Feiler applauds the work of psychologist Marshall Duke, Duke’s wife Sara, a psychologist working with children, colleague Robyn Fivush, and their “Do You Know?” measure. For example:

“Do you know where your grandparents grew up? Do you know where your mom and dad went to high school? Do you know where your parents met? Do you know an illness or something really terrible that happened in your family? Do you know the story of your birth?”

Their research showed that the more children know of their family’s stories, the more they demonstrate emotional health and happiness and the more resilient they are when faced with challenges.

Are you thinking what I’m thinking?

Through their research, these scientists discovered God was on the right track when He told us to tell our kids and grandkids what we’ve seen Him do for us! (Deuteronomy 4:9; 6:5-9; 6:20-25) Their research verifies Jesus knew what he was talking about when he said, “Go tell your family what the Lord has done for you” (Mark 5:19).

Children who know their family’s stories—successes and failures, triumphs and setbacks—know they are part of what Dr. Fivush calls an “intergenerational self,” that is, “they know they belong to something bigger than themselves.”

Belonging to something bigger than themselves. That, too, echoes what we know of God: He created humans with a yearning for fellowship, community, and of belonging to something bigger than ourselves.

First, He wants us to enjoy belonging to Him. God told His children, “I have called you by name; you are Mine!” (Isaiah 43:1 NAS) He promised He would never forget His children: “See, I have written your name on my hand” (Isaiah 49:15-16). His love is an everlasting love (Jeremiah 31:3). God delights to have us belong to Him as part of His something bigger than ourselves.

Second, like so many other ways in life on this earth, God places us in families—community, something bigger than ourselves—as a foretaste of the ultimate belonging we’ll enjoy with Him for eternity.

Bruce Feiler concludes,

“Bottom line: if you want a happier family, create, refine, and retell the story of your family’s positive moments and the ability to bounce back from the difficult ones. That act alone may increase the odds that your family will thrive for many generations to come.”
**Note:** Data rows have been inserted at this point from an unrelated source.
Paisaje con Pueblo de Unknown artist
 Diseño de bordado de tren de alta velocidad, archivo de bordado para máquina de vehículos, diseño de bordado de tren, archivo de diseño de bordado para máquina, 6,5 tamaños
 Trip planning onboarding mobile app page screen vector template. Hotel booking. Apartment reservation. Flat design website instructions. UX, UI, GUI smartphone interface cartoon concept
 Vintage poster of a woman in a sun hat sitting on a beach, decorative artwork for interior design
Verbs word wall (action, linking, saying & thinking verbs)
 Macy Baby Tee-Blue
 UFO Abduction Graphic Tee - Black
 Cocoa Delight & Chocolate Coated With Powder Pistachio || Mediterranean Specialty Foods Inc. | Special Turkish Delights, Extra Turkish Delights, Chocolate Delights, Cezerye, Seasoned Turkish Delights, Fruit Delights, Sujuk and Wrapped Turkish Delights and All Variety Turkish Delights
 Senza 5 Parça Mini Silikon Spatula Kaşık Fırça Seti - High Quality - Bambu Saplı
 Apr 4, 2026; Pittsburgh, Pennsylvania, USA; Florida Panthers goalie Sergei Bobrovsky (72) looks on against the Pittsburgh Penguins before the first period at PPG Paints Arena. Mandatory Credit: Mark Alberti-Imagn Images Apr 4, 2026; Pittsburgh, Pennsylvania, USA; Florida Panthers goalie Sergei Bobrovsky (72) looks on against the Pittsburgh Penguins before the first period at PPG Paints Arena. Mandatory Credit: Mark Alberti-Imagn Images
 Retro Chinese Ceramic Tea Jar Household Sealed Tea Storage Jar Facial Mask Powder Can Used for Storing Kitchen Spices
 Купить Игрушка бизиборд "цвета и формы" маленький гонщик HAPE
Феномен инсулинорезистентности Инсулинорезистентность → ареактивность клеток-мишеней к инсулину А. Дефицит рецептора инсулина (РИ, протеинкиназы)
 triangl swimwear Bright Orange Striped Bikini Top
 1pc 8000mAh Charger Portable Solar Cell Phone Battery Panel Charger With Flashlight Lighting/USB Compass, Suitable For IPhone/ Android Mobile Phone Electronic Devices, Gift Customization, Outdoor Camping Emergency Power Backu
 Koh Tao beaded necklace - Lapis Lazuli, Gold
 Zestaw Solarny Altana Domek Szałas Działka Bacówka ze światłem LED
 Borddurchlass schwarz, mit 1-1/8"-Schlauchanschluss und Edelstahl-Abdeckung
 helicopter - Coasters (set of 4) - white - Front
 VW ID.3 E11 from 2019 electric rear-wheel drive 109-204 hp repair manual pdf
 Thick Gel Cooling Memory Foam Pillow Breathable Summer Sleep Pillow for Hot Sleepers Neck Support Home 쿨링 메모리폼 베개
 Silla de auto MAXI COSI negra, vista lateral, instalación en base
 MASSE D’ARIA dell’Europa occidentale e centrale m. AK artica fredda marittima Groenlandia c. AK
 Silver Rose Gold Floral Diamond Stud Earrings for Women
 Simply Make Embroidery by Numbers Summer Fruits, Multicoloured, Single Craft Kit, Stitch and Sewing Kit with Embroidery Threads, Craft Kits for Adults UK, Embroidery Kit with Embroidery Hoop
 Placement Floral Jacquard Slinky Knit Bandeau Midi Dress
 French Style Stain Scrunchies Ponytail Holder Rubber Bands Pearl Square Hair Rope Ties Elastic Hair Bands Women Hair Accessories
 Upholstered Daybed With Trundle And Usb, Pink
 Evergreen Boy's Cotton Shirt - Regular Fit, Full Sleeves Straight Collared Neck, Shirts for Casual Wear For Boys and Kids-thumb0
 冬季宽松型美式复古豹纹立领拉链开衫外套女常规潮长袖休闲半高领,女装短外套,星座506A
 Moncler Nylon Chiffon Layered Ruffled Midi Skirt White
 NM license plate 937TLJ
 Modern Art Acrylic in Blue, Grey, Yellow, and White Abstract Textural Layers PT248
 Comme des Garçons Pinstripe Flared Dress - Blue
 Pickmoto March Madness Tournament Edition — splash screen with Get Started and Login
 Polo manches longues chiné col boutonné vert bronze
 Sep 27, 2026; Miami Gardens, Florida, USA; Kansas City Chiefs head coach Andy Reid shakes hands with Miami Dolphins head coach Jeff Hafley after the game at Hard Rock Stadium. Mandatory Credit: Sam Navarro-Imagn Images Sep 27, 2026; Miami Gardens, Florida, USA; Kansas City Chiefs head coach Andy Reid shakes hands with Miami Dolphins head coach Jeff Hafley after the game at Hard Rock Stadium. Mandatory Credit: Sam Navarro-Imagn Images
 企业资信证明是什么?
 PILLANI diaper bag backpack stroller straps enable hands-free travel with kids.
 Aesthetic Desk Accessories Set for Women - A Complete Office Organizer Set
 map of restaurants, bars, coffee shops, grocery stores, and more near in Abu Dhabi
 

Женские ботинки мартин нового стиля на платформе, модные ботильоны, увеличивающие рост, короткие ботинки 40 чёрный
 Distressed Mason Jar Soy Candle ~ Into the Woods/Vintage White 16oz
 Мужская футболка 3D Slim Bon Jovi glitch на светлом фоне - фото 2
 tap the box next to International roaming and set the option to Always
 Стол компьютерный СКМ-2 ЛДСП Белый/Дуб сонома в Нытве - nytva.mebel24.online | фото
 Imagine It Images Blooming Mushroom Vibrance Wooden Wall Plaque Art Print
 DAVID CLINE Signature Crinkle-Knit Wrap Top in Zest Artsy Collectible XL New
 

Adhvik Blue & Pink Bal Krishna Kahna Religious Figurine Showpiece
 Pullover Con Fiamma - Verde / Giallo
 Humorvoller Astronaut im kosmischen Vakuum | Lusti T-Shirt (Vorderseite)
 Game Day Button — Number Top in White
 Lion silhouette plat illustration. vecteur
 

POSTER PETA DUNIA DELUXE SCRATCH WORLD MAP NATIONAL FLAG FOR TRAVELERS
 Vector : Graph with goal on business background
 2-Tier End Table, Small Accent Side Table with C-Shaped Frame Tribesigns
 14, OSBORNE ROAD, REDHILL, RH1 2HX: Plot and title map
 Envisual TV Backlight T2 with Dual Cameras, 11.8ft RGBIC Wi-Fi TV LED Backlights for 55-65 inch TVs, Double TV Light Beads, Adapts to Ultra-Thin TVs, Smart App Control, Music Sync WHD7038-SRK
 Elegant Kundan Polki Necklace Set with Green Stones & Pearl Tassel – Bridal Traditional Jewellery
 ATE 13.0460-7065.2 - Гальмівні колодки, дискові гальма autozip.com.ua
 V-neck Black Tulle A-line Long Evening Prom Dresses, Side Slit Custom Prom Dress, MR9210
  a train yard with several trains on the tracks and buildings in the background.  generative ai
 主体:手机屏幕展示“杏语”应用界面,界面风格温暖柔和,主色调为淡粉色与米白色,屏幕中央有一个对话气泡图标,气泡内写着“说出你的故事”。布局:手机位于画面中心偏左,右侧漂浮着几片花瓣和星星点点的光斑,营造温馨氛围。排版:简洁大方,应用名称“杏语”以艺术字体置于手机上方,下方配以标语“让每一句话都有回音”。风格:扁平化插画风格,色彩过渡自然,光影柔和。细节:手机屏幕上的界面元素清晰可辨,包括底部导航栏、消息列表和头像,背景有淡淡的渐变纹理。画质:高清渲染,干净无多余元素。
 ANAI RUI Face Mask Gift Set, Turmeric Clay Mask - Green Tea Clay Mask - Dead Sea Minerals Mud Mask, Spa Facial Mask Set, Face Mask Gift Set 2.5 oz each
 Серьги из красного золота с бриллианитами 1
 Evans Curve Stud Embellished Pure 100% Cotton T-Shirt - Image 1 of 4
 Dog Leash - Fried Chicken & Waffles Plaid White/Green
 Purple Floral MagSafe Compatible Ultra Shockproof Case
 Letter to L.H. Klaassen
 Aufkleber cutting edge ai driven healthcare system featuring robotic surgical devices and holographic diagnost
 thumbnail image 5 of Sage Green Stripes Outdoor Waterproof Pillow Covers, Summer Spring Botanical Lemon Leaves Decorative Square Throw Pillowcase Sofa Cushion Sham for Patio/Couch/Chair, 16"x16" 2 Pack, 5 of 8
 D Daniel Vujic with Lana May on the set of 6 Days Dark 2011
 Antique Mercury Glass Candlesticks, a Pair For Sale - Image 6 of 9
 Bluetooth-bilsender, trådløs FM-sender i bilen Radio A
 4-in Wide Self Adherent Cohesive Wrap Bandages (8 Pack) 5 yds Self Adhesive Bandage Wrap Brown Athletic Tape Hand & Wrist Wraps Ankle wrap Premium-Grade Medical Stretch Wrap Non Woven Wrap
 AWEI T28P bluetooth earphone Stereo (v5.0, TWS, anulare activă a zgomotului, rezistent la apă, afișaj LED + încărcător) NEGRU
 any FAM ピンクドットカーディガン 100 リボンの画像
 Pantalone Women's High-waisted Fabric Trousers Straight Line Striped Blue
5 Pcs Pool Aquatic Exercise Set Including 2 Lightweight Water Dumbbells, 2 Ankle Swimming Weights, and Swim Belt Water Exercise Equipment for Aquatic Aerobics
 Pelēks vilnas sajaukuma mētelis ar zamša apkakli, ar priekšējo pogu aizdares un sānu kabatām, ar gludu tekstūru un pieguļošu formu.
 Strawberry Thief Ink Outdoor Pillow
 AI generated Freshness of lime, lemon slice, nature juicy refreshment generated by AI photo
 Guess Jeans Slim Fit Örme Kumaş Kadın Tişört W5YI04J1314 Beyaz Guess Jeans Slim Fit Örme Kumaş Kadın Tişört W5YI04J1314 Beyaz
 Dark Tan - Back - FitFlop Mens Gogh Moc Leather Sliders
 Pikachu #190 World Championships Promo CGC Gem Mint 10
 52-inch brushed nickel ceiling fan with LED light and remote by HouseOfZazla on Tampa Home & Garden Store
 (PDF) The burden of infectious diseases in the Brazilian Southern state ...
Believe it: Your story is important! It’s the “secret sauce.”

The following Bible passage captures my vision—my prayer, my heart’s desire—for the memoir classes I teach and for this blog:

“Great is the Lord and most worthy of praise;
his greatness no one can fathom.
One generation will commend your works to another;
they will tell of your mighty acts.
They will speak of
the glorious splendor of your majesty,
and I will meditate on your wonderful works.
They will tell of the power of your awesome works,
and I will proclaim your great deeds.
They will celebrate your abundant goodness
and joyfully sing of your righteousness.”

Psalm 145:3-7, NIV 

So stir up that “secret sauce that holds a family together” and write your stories! Help your children, grandchildren, and great-grands find their identity in your family and God’s family.

New York Times bestseller, Bruce Feiler, is one of the country’s most popular spokesmen on family and faith. He writes a column, “This Life,” for the Sunday New York Times. Much of his NY Times article, The Stories That Bind Us, is adapted from his new book, The Secrets of Happy Families.)

Saturday, April 20, 2013

Make ‘em wait

Part 3 of
Make ‘em cry, make ‘em laugh, make ‘em wait.”
Wilkie Collins (1824-1889)

Why should you avoid opening a story in the following way?  

“We eventually found Old John, alive, buried under four feet of tree limbs—the elephant had buried him the way elephants bury their own—but for six hours we didn’t know if we’d ever find him, dead or alive.”

If you begin your story this way, you have given away your ending. That weakens the power of your story. It diminishes readers’ involvement.

Giving away the ending spoils essential elements in good stories: tension and suspense.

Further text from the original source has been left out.